Hume disputed that, saying that "rumor and hyperbole is a little stronger than the reality." "I do have weekly meetings with my senior staff," he says, and "early in the transitional arrangements when I became chief operating officer, Blum "attended one ... and called in to another.... The two meetings were three weeks apart; it was a pretty short-lived direct involvement. I think that is a prerogative of the chair of the board."

Did Blum ask to attend? "Oh yes," Hume adds. But "I keep in touch with the chair of the board; I think it’s my responsibility to do so."

Blum: Circumstances Justify Intervention

Citing his travel schedule, Blum declined to speak to a reporter by telephone, but he did release two statements in response to e-mailed questions.

The basic gist of his reply is that he and the regents had stepped in because they had lost confidence in Dynes and his administration.
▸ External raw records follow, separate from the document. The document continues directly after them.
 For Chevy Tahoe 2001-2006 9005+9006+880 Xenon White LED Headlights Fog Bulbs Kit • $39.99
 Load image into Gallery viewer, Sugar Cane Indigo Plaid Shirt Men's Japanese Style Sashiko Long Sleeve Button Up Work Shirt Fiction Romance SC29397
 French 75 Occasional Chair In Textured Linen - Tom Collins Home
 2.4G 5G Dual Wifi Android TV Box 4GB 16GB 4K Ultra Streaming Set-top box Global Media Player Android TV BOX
"As fiduciaries of the institution, the Regents are ultimately accountable. We did have concerns about the management of the institution, given the well-publicized issues we were dealing with, and I felt the duty to get more involved. The Board, in partnership with the administration, is enacting changes to address those concerns and we are now in the process of re-establishing an equilibrium between the Regents and the presidents' office, including re-establishing proper governance roles and boundaries. I fully respect and support the independent authority and leadership of the president -- it's critical to the University's effectiveness."

That answer fails to satisfy many of the board's critics. If the board was so unhappy with Dynes, why didn't they get rid of him, "instead of neutering him?" as one person close to the situation asks.
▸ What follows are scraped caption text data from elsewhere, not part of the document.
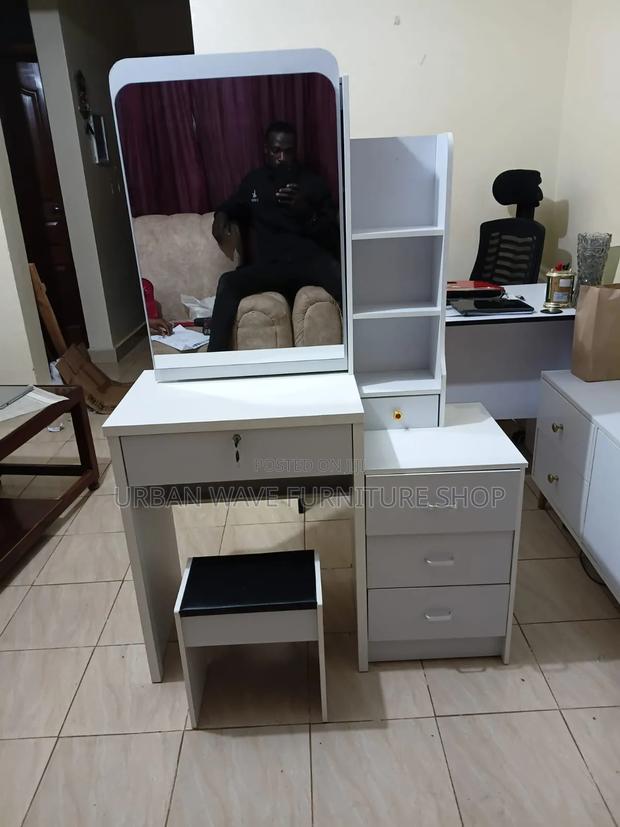 White Makeup Station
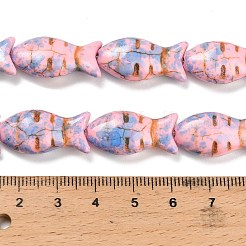 Синтетических нитей бирюзовые бусы TURQ-F019-01J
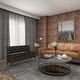 preview thumbnail 4 of 17, Bronze Metal Storage Bench with Tufted Faux Leather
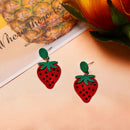 Fruit Earrings Strawberry Watermelon Lemon Banana Pendant Earrings Alloy Je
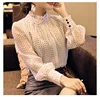 ZH2873G 2018 spring blouse women long sleeved shirt female fashion loose blouse office lady clothing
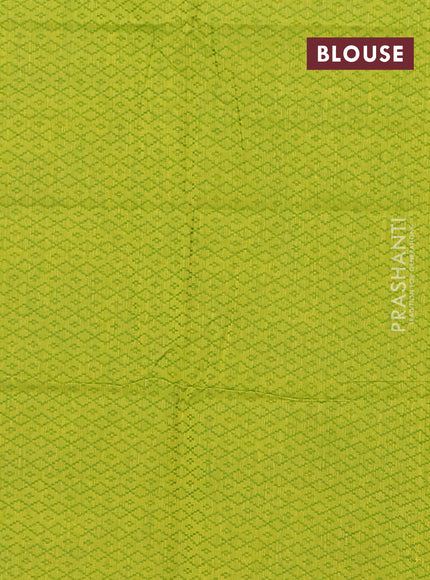 Chettinad cotton saree grey and light green with zari woven buttas and zari woven border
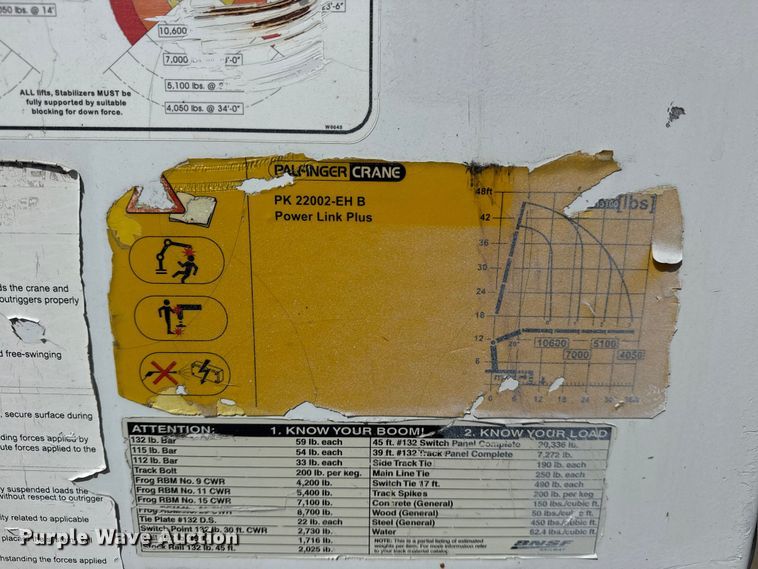 image for item NU9685 2013 Freightliner 108SD Crew Cab crane truck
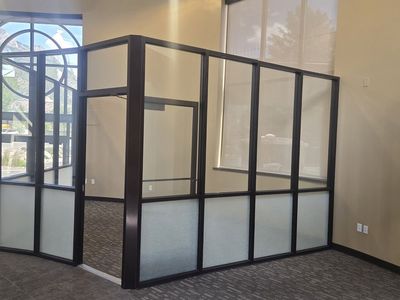 Glass office walls partitions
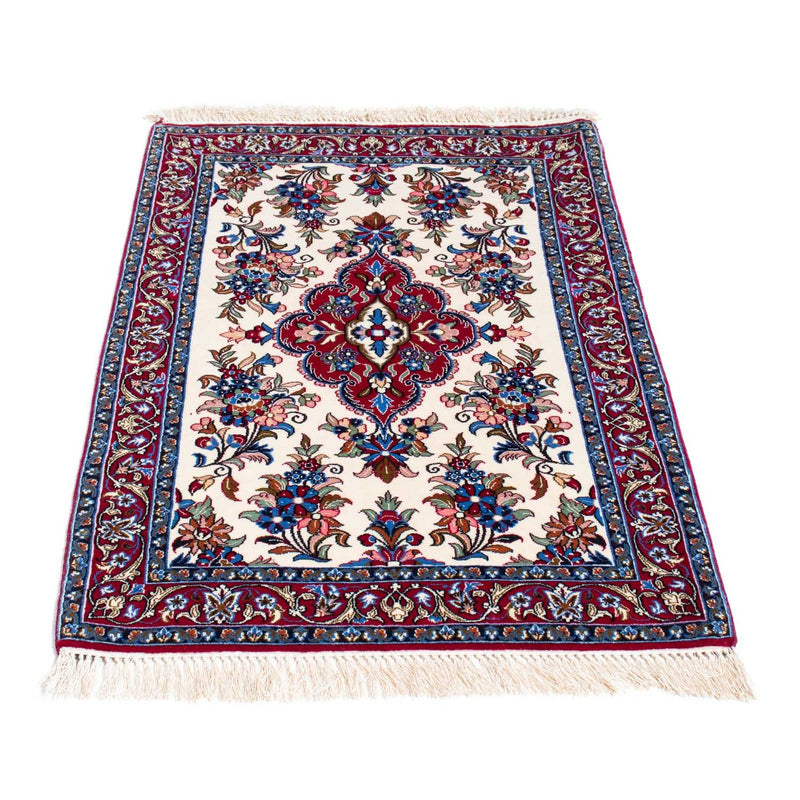 Persisk tæppe - Isfahan - Premium - 107 x 72 cm - beige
The board's decision to respond to perceived weaknesses in leadership by stepping in to fill the breach is especially concerning to many at UC given the fact that the university is now searching to replace Dynes. Will top-flight academic leaders who might be interested in leading arguably the world's premier public research institution be fearful that the board might intrude in the future if a future administration stumbles?

The president of one major research university, who acknowledged having been approached by those searching for UC's new chief, says: "I can't imagine a president worth his or her salt going in and allowing some of these things to continue.... The timing couldn't be worse, and it's going to be a serious impediment" for a leader familiar with traditional academic governance.

Brown, UC Academic Senate chair, describes the UC presidency as possibly "the best [higher education] job in the country." In order to fully realize that, he says "it is important that the regents' initial efforts to properly realign governance responsibilities are pursued to completion."

Blum and other regent leaders insist, in their responses to the Western accreditor and in their public statements, that they believe they are putting the university's governance system in order in ways that will ensure the continued success and leadership of the University of California.

It can't afford to do otherwise, Wolff, head of the accrediting group, said in his letter to Dynes late last week. "As the university moves to select a new president, it will be important to continue to make progress" on the issues facing the university, he wrote. "It is the responsibility of the board to create and sustain the conditions for the success of its key leaders, while setting priorities and evaluating their performance."

"Much progress" has been made on those fronts, Wolff wrote. But "for further progress to be made, changes in operational conduct and behavior are needed."